When Dog Parents Should Be Worried
If your dog regurgitates food or vomits every once in a while, it’s probably not a serious health issue. Even so, keep an eye on your dog after he or she experiences the episode, because continued vomiting or other unusual behaviors indicates a problem.
There are a few things to stay on the lookout for when it comes to your dog’s vomiting. They include frequent or chronic vomiting, unusual behaviors, and other medical symptoms that accompany the vomiting.
If your pooch won’t stop vomiting, it’s a serious cause for concern. Chronic vomiting could be caused by a number of ailments, from kidney failure and Addison’s disease to stomach ulcers and inflammatory bowel disease.
Is your dog’s vomit bloody? If you see something that looks like coffee grounds in your dog’s vomit, that means they are throwing up dried blood. This could be caused by ulcers, a tear in the digestive tract, a sharp foreign object being ingested, and much more.
Keep an eye on your fur child’s behavior after a bout of vomiting, because it’s one of the best indicators of whether or not your dog might be suffering from a serious condition. Unusual behaviors might include things like:
- Loss of appetite or refusal to eat
- Lethargy and weakness
- Abdominal pain (sensitive to touch around the stomach)
- Weight loss
In addition to the behavioral signs listed above, other visible symptoms that accompany vomiting can tell you whether or not you should be worried. These include:
It’s also important to note that coughing can sometimes be mistaken for vomiting, especially if white foam comes out of the mouth. Coughing and vomiting aren’t the same thing, though. Most often, kennel cough is to blame when white foam is seen.
There is also the possibility that your dog is retching and gagging without actually producing anything. Various ailments could cause this behavior, including a serious condition called bloat. Bloat usually occurs in larger dogs and involves a twisting of the stomach, blocking the escape of stomach contents and causing the stomach to expand, or “bloat.” If your dog is exhibiting unproductive retching, call your vet immediately.
What to Do If Your Dog Is Vomiting
If your dog vomits once and doesn’t exhibit any accompanying symptoms or other unusual behavior, they’ll probably return to normal in a short time. Veterinarians recommend withholding food and water for 12 to 24 hours, which gives the stomach a chance to rest and the stomach lining time to repair itself.
After the 12- to 24-hour period, a bland diet can be given, consisting of plain white rice or fully-cooked plain chicken. If your dog doesn’t throw up the bland diet, he or she is probably fine and can return to their normal food.
If, however, your dog’s vomiting is happening frequently or if there are other symptoms accompanying it, it’s time to call the vet’s office. Remember: Serious conditions could be the root cause of your dog’s vomiting, including ingestion of foreign bodies, an intestinal blockage, or a dangerous disease.
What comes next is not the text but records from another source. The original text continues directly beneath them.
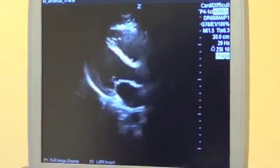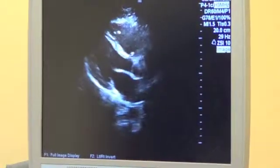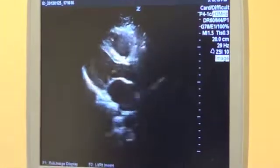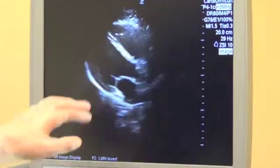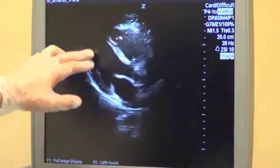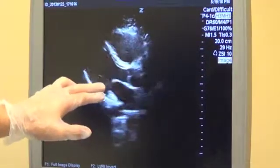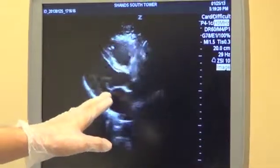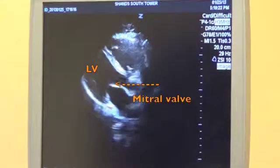Now we have an optimal left ventricular long axis view. We know this because the left ventricular cavity is well visualized, including both the mitral and the aortic valve.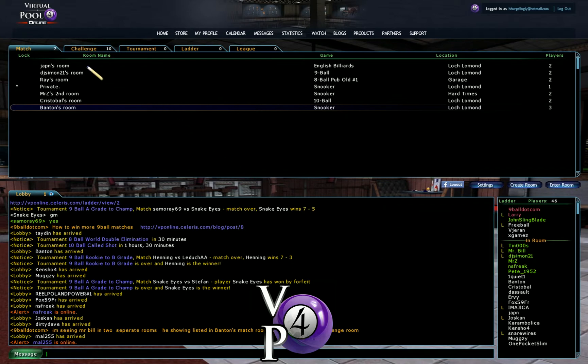However, if you go to a match room, and this is Banton's room, and you right click it,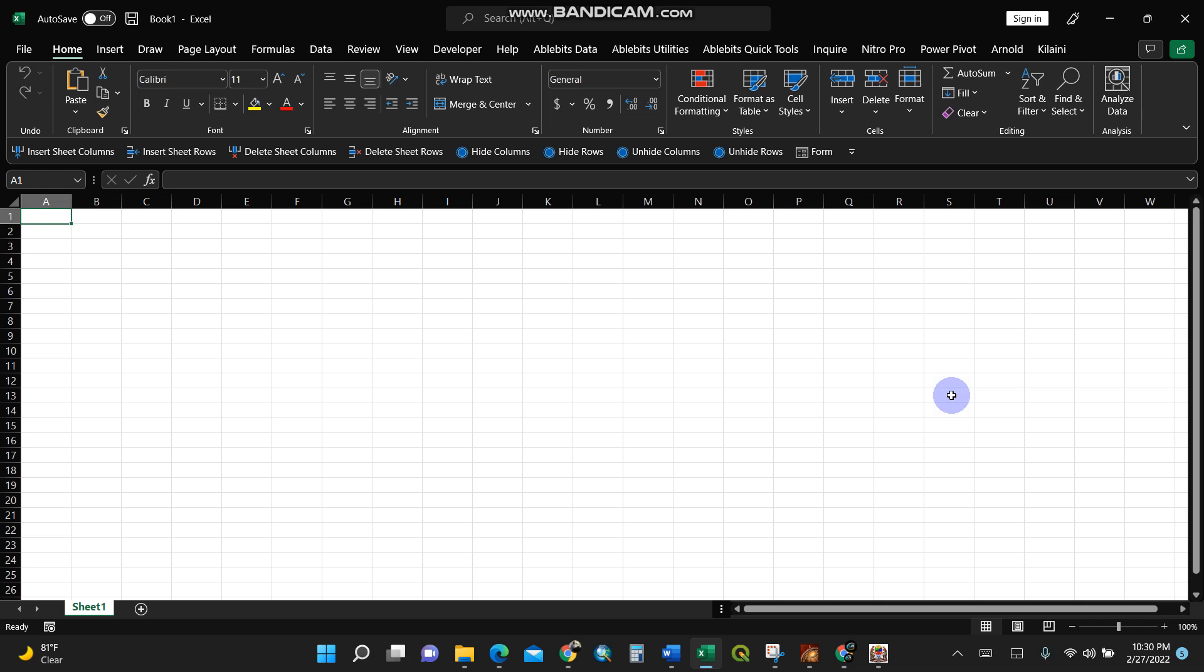If you've ever wondered how to open your database file, for instance a Microsoft Access database file, using Microsoft Excel, this is the video for you. I'm going to show you in very simple steps.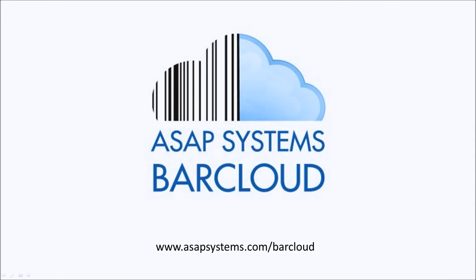Thank you for watching this video, and please stay tuned for more updates from ASAP BarCloud.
At the vet’s office, a diagnosis might be achieved through a physical exam, X-ray or ultrasound scans, blood tests, fecal samples, and other techniques. Your dog might require IV fluids to prevent dehydration, which is one of the biggest dangers of prolonged or chronic vomiting. From there, your veterinarian will treat the underlying cause of your dog’s vomiting so that your pup can return to full health.
Why Is My Dog Throwing Up Undigested Food? The Bottom Line
Here’s the rule of thumb to remember when it comes to vomiting in dogs: If your dog throws up every once in a while — whether it’s regurgitation or actual vomiting — and doesn’t exhibit any other symptoms, he or she is probably okay. They might benefit from a short fasting period and then a bland diet before returning to their normal dog food.
If your dog’s vomiting seems more serious than that, or if it worries you in any way, play it safe and call the vet’s office. There’s no sense in putting your dog’s health at risk.